Маша наполнила стакан до краев. У нее так дрожали руки, что горлышко бутылки звякало о край стакана, а жидкость пролилась мимо и потекла по столу. Она не обратила на это внимания. Расплескивая, поднесла ко рту и некоторое время не мигая смотрела на жидкость в стакане, потом со всей силы швырнула его. Раздался звон забитого стекла, осколки и жидкость брызнули во все стороны, я вздрогнул от неожиданности, а Маша заплакала, свернувшись калачиком и уткнувшись лицом в плед. И не просто заплакала, а зарыдала, как плачет человек, у которого вырвали сердце и вывернули наизнанку душу.

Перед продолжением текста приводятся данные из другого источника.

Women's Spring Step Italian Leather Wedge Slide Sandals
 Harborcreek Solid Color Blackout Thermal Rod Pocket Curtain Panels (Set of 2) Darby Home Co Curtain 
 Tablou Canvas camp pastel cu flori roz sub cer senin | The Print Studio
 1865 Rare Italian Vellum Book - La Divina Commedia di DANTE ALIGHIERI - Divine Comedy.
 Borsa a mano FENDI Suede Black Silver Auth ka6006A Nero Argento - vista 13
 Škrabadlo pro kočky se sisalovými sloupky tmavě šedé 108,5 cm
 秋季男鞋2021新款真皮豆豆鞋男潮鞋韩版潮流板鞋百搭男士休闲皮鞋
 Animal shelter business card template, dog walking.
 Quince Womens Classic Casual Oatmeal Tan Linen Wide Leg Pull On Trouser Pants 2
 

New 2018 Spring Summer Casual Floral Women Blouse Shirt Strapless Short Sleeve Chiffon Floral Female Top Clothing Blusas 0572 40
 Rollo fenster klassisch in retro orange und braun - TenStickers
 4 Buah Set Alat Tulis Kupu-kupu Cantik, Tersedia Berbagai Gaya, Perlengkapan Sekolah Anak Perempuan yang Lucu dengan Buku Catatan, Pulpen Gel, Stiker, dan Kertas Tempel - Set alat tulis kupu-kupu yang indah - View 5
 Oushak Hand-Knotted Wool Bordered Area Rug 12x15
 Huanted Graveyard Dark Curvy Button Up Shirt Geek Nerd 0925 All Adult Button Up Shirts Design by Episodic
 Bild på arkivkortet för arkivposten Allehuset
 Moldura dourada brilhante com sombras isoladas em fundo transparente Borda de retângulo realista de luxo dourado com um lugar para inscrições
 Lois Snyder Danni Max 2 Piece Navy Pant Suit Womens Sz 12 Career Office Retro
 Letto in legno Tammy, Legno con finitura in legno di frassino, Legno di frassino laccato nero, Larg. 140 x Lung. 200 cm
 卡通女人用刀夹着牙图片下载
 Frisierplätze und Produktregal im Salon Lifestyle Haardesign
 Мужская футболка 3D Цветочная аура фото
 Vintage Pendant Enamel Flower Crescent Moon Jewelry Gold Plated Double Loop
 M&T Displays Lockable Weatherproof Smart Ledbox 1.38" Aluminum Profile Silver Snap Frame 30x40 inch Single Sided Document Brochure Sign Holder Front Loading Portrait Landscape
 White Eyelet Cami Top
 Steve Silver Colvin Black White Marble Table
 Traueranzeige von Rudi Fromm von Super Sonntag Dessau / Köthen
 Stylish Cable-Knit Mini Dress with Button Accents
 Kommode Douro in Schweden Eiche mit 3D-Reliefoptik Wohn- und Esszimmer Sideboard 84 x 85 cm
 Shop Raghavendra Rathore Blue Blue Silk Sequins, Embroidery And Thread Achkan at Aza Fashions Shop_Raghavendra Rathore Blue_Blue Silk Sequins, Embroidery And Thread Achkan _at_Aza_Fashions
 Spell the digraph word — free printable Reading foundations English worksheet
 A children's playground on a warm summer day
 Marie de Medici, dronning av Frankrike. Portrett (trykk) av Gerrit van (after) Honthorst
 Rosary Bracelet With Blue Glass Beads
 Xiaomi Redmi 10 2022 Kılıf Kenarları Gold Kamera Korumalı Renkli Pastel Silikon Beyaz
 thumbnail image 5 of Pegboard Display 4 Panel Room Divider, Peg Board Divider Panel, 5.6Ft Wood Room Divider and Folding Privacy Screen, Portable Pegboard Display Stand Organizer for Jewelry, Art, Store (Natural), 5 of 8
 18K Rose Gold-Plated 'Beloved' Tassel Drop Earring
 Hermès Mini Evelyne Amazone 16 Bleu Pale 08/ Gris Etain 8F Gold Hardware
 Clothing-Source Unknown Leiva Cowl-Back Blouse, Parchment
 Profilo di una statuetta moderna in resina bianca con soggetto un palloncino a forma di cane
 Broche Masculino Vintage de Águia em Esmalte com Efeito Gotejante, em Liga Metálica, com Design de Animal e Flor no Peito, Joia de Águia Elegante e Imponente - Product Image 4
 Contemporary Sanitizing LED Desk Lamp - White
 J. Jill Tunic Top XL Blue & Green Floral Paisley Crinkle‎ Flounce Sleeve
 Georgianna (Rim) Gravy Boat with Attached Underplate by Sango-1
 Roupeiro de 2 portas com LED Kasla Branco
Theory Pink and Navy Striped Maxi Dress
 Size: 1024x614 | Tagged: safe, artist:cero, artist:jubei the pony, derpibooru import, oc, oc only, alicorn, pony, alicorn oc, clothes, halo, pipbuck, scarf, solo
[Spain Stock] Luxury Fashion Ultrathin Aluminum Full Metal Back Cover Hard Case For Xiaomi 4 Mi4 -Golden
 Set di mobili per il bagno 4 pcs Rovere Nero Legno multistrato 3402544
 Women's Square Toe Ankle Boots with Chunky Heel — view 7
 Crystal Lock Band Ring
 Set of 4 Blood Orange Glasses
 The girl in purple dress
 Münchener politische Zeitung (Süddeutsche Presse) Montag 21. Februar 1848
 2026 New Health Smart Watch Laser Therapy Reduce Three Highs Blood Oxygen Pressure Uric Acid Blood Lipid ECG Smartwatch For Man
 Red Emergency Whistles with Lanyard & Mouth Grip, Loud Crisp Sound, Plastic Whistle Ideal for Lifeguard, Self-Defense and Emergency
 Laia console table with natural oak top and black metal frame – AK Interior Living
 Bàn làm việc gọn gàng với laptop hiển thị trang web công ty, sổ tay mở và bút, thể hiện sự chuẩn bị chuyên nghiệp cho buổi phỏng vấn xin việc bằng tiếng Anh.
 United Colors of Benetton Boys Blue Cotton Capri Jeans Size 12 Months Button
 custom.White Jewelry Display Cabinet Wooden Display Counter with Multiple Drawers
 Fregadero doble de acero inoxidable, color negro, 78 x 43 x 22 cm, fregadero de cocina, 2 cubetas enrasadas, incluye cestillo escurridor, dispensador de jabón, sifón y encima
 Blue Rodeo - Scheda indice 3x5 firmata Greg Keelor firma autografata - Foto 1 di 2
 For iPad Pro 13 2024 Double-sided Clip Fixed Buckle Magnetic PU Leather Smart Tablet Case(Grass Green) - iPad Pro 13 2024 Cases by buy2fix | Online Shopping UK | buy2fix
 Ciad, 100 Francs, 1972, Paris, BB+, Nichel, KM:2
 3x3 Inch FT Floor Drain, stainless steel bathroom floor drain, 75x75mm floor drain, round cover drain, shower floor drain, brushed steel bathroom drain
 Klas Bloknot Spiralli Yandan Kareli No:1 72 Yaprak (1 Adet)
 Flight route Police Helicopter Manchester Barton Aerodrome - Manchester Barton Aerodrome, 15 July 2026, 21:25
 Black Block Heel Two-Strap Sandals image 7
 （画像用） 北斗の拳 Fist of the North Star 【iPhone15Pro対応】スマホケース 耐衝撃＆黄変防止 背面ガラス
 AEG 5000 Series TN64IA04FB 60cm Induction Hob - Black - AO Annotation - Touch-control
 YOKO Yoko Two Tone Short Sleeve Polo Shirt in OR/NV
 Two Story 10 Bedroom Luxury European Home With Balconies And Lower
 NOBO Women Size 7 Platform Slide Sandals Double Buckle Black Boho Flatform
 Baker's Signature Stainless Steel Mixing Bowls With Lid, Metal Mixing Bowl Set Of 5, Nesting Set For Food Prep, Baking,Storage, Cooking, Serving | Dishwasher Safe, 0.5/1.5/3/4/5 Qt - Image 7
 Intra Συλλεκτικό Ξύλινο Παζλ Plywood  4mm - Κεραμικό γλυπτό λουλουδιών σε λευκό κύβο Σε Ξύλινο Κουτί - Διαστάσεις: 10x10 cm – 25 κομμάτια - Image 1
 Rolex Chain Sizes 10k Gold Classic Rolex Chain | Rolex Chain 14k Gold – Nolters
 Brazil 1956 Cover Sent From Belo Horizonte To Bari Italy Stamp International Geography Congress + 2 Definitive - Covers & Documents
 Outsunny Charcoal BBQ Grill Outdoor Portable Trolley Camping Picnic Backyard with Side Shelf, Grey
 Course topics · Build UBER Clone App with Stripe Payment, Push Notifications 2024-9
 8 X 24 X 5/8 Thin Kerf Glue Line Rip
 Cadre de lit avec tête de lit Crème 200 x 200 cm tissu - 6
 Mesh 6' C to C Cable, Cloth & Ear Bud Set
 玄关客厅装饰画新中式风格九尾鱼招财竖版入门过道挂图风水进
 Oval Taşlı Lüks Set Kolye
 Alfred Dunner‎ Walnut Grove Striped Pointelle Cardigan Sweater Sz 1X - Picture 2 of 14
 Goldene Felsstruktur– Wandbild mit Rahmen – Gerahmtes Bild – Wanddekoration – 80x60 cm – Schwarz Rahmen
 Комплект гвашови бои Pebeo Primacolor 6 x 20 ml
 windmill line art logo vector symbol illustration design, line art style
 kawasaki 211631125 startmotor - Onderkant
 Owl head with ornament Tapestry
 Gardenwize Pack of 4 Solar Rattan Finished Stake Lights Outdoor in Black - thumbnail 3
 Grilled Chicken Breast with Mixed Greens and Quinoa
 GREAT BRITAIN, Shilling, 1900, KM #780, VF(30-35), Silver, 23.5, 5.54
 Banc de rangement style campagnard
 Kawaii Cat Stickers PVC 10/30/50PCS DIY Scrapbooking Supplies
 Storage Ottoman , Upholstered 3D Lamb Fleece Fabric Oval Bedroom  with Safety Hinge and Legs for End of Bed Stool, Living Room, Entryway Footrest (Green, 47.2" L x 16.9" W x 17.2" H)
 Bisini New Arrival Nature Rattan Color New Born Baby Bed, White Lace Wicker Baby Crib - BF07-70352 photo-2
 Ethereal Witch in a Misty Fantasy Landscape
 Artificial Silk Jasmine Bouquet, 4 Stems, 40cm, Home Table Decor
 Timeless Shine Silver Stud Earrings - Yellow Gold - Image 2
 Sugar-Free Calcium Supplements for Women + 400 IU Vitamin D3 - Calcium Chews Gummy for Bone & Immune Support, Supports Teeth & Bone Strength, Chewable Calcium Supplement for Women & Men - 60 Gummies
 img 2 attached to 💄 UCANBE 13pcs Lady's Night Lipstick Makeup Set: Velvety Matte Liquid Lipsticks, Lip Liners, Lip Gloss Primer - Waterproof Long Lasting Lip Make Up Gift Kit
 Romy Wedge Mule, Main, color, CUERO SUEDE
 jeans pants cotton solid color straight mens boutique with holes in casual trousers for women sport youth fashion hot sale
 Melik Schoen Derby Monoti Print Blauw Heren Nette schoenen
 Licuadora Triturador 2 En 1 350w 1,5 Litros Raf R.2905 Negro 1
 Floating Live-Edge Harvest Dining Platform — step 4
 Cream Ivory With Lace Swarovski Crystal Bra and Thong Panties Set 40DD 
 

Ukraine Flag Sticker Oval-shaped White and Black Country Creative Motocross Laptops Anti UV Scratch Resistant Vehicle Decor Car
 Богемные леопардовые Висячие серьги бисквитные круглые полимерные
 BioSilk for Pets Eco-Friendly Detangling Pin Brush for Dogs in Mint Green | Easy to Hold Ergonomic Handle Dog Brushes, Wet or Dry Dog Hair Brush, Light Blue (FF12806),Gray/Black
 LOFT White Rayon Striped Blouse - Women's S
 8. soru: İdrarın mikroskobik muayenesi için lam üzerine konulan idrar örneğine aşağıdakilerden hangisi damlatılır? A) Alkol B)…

"Девочка моя родная, да что ж с тобой происходит? Почему не хочешь довериться мне? Поделиться со мной своей тяжестью? Только мы друг у друга и остались." - думал я, в бессилии сжимая кулаки. В сердце будто всадили нож, в горле встал тугой ком, который никак не удавалось проглотить, глаза защипало. Из-за чего ее так "ломает"? Воспоминания о том, что с ней сделали во время похищения? Если бы ублюдки не сдохли раньше, я бы очень медленно рвал их на мелкие кусочки собственными руками. Но она знала, что они больше никому и никогда не причинят вреда. Да и она сама достаточно сильная для того, чтобы предаваться жалости к самой себе. Тогда что? Неужели те странные отношения так ее зацепили? Я вспомнил, как ребята забеспокоились о ней, едва увидев слезы на ее щеках; как Машенька говорила, что они ее любят и с ними она счастлива; вспоминал с какой нежностью она смотрела на двух сильных молодых мужчин и как они успокаивались от одного только легкого прикосновения ее маленькой ручки.